[Captioned web image data]
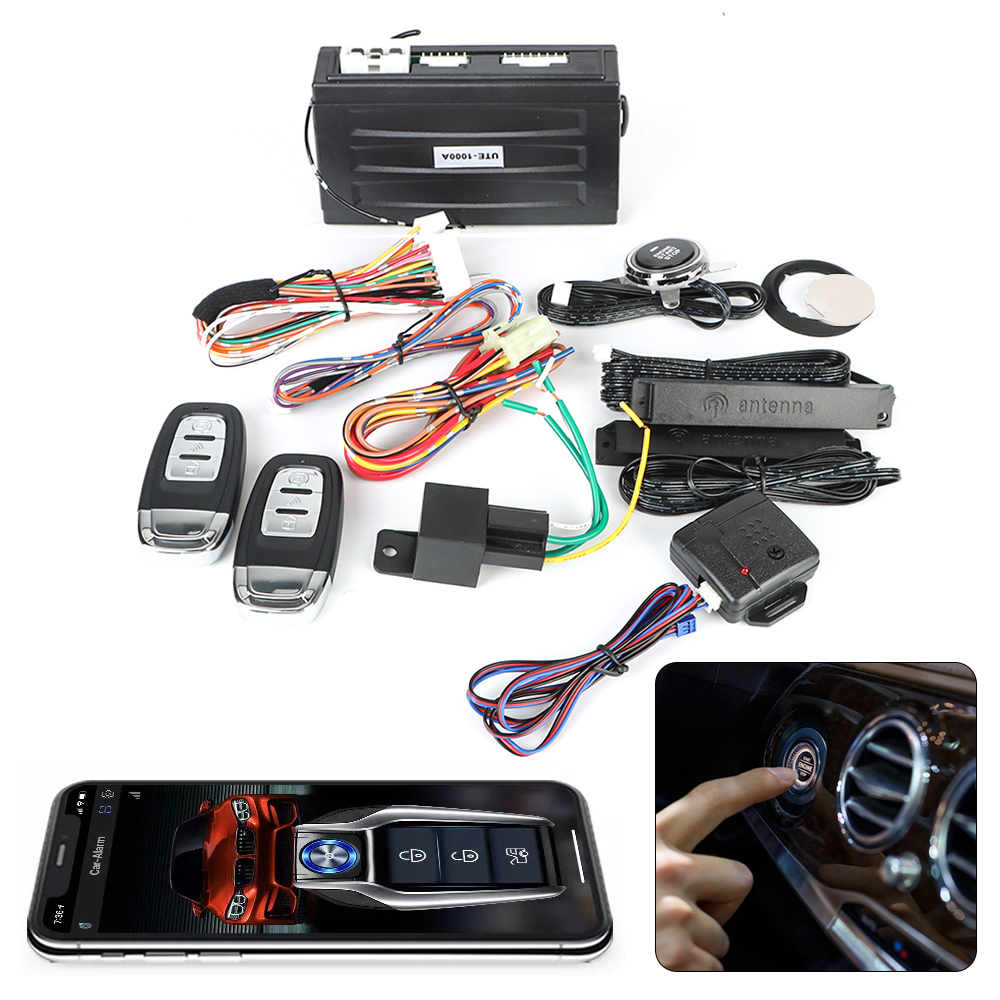 Car Starter Alarm Smart Bluetooth Autostart Set Auto Start Stop Push Button Keyless Entry System Remote Control Kit Accessories. 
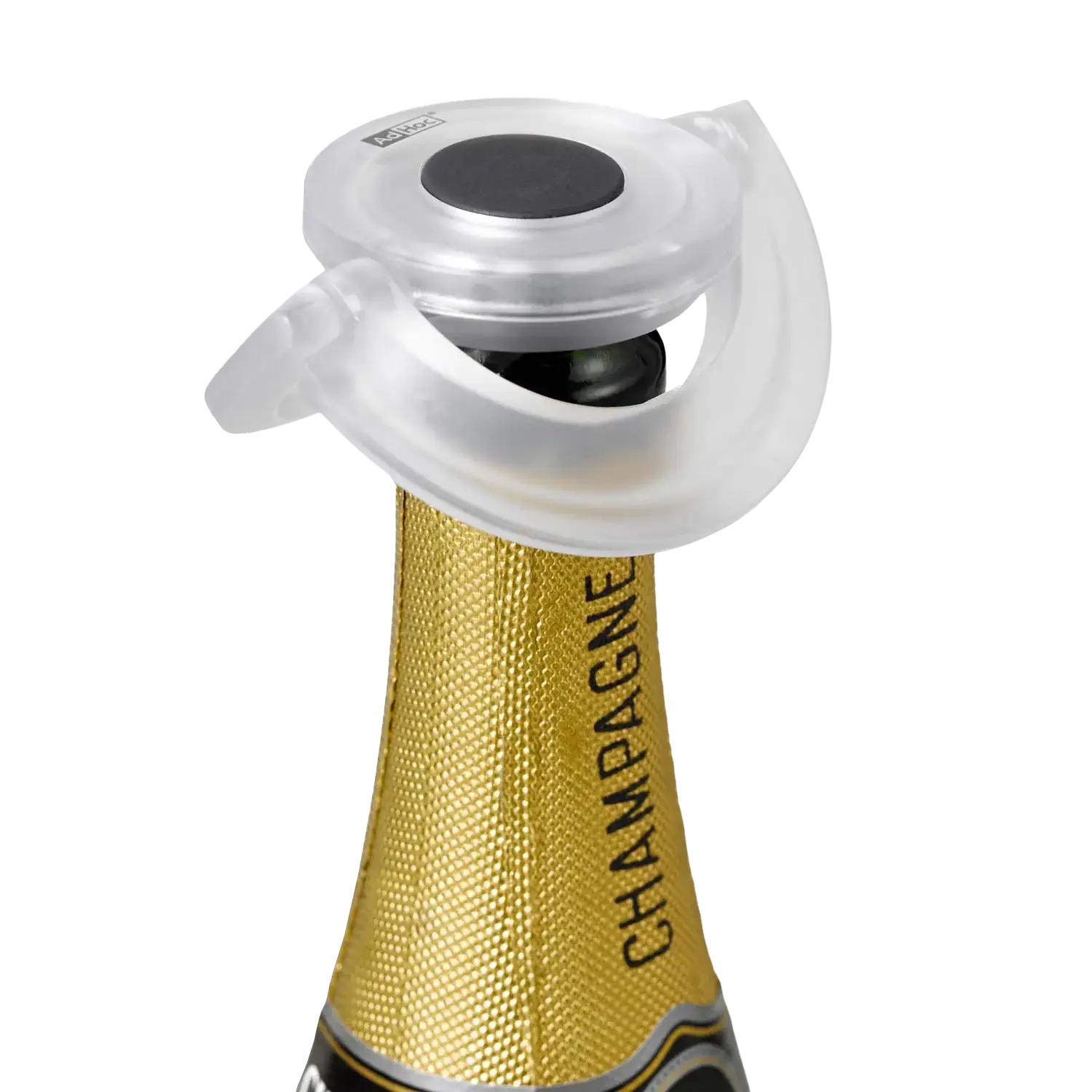 AdHoc Sekt- und Champagnerverschluss GUSTO, Klar Klarer Sekt- und Champagnerverschluss „Gusto“ auf einer Flasche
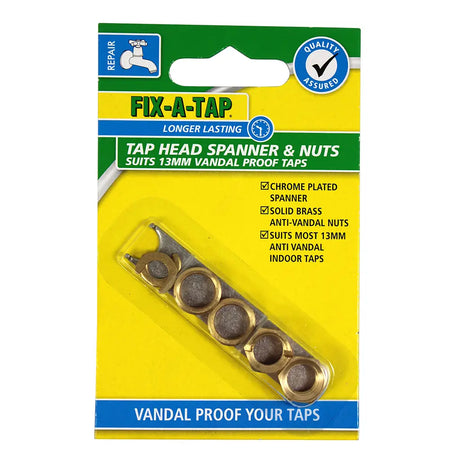 A retail package of Fix-A-Tap tap head spanner and nuts, containing five brass anti-vandal plugs in a clear plastic case mounted on a yellow, green, and blue cardboard backing.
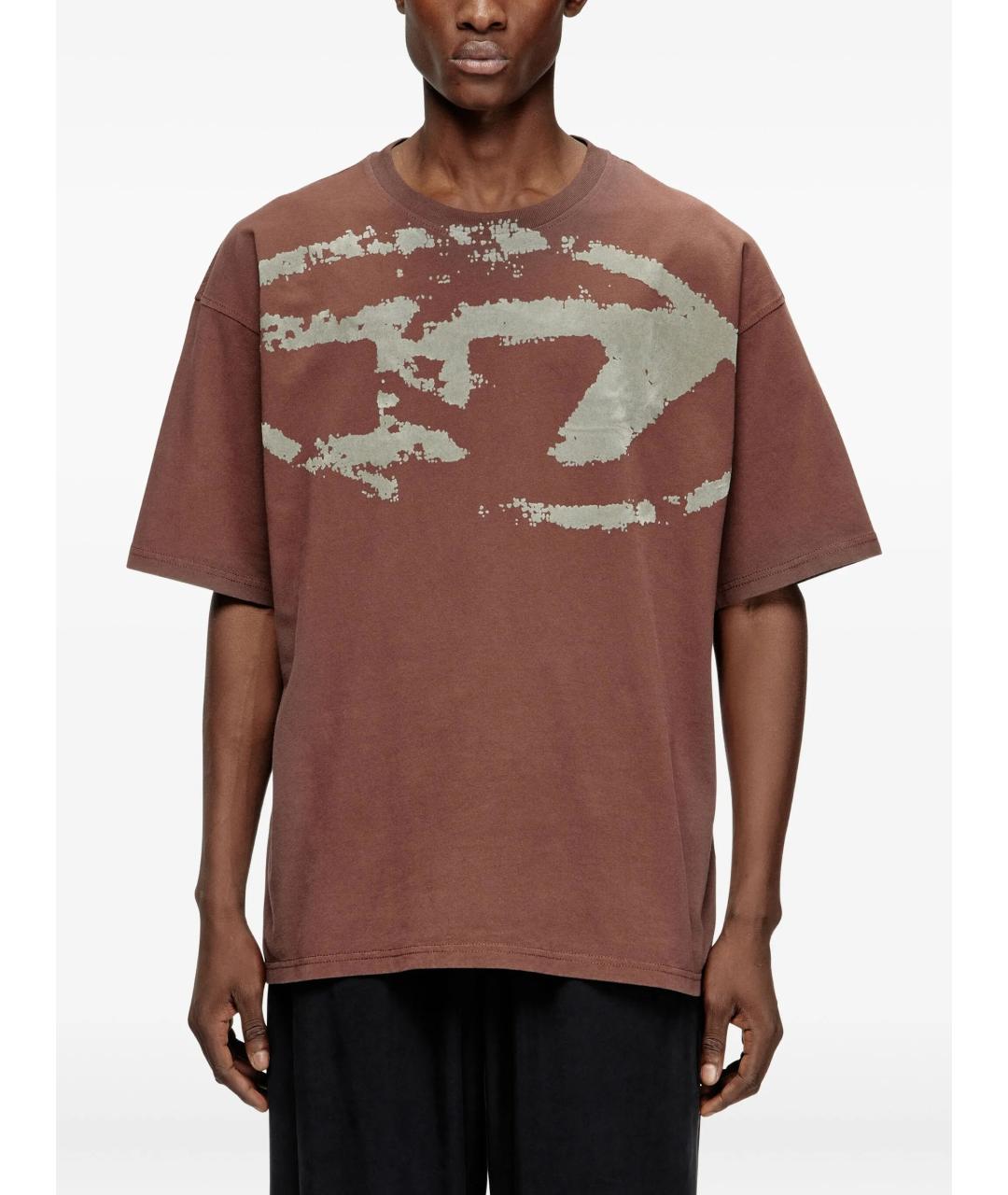 DIESEL Коричневая хлопковая футболка, фото 3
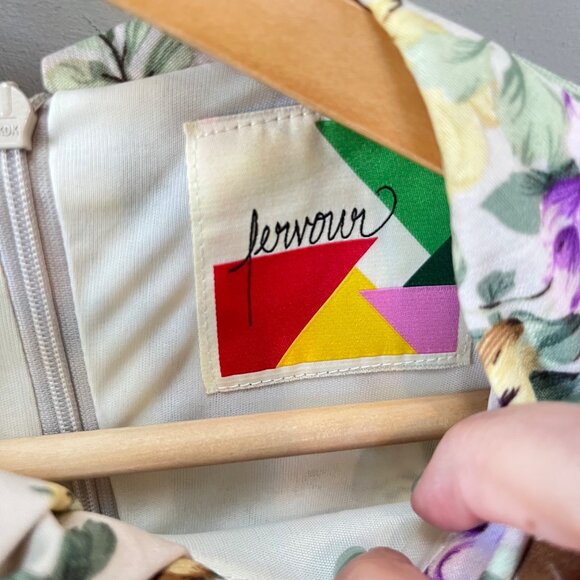 Fervour Yellow and Purple Floral Short Collared Dress- Size M - Picture 3 of 6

• What needs to be done
Only the lines from the one containing "DIESEL Коричневая хлопковая футболка, фото 3" through the last line of the entries belong in the answer, given again exactly. Images stay out.

• Solution to this problem
 DIESEL Коричневая хлопковая футболка, фото 3
 Fervour Yellow and Purple Floral Short Collared Dress- Size M - Picture 3 of 6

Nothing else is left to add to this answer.